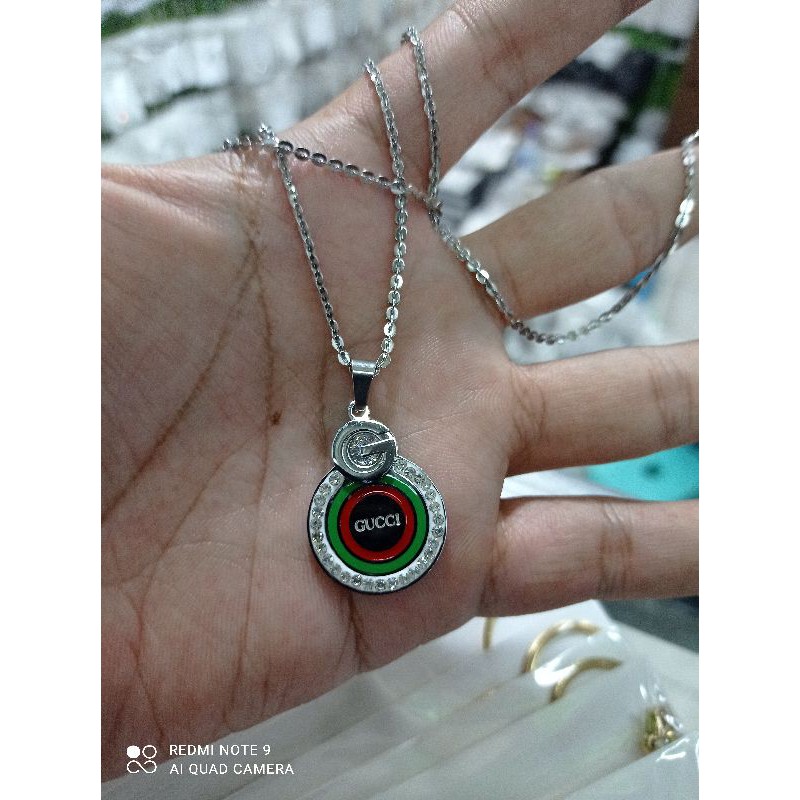 kalung set liontin gucci titanium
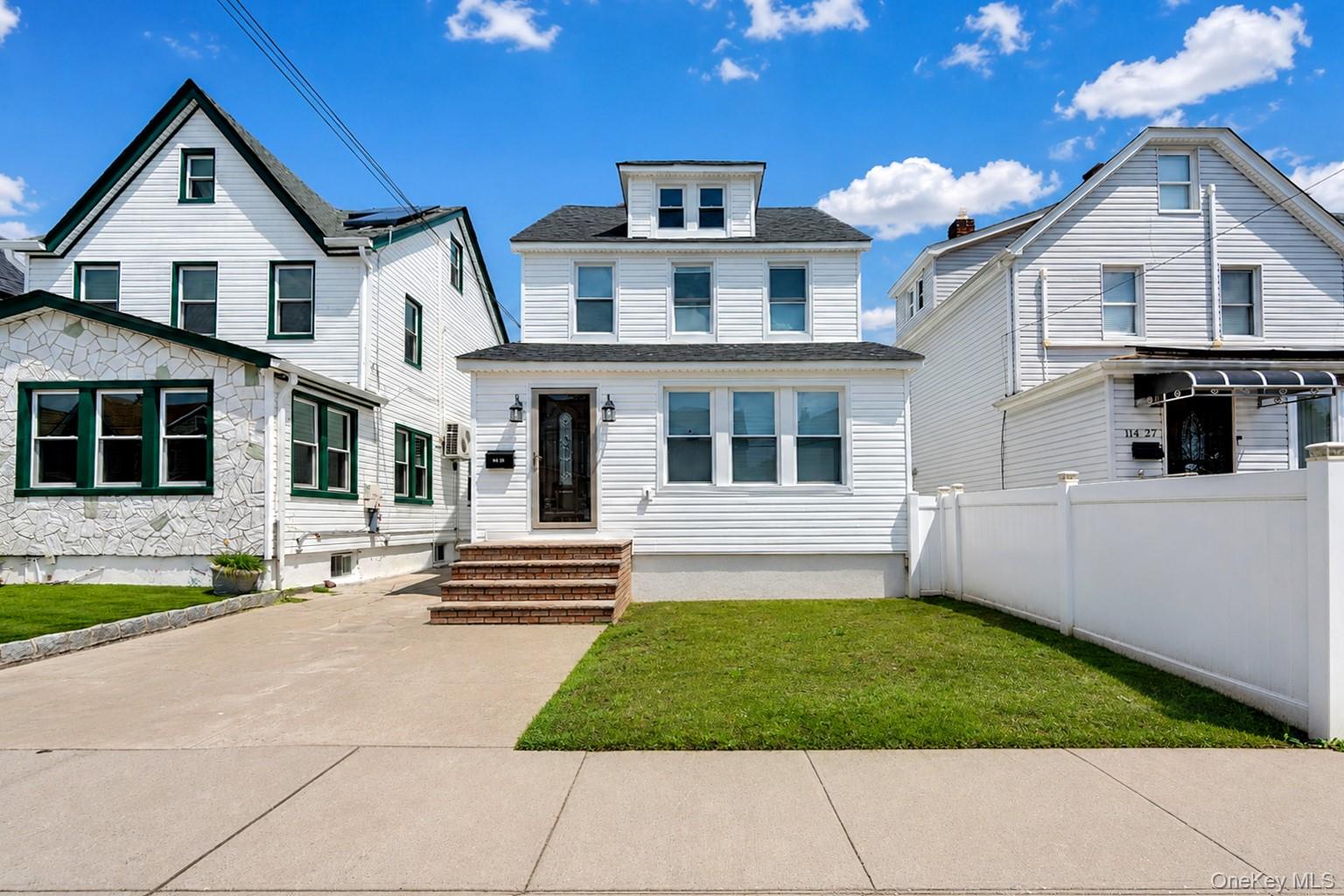 11425 210th Street – For Sale
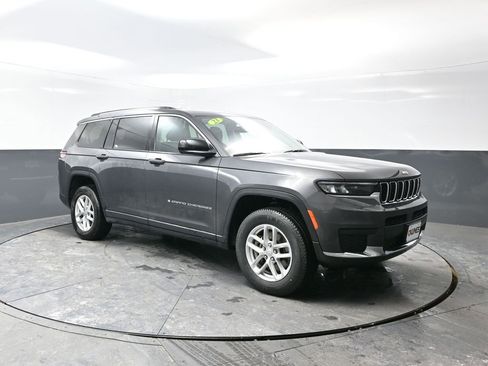 Used 2023 Jeep Grand Cherokee L Laredo image 6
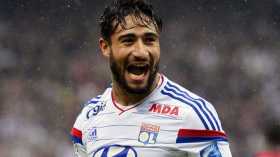 الصراع يحتدم بين ليفربول وتوتنهام على نبيل فقير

......

What is expected | The answer should contain every line of the material exactly as written and no pictures.

Exercise solution |
 kalung set liontin gucci titanium
 11425 210th Street – For Sale
 Used 2023 Jeep Grand Cherokee L Laredo image 6
 الصراع يحتدم بين ليفربول وتوتنهام على نبيل فقير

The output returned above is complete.